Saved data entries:
------------------------------------------------------------------------

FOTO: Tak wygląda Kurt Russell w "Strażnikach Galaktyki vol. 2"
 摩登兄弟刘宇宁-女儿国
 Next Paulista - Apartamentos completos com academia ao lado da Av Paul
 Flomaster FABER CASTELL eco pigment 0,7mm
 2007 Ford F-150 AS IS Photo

------------------------------------------------------------------------

## Exercise requirements
Please return every entry exactly as it appears.

## Written answer
FOTO: Tak wygląda Kurt Russell w "Strażnikach Galaktyki vol. 2"
 摩登兄弟刘宇宁-女儿国
 Next Paulista - Apartamentos completos com academia ao lado da Av Paul
 Flomaster FABER CASTELL eco pigment 0,7mm
 2007 Ford F-150 AS IS Photo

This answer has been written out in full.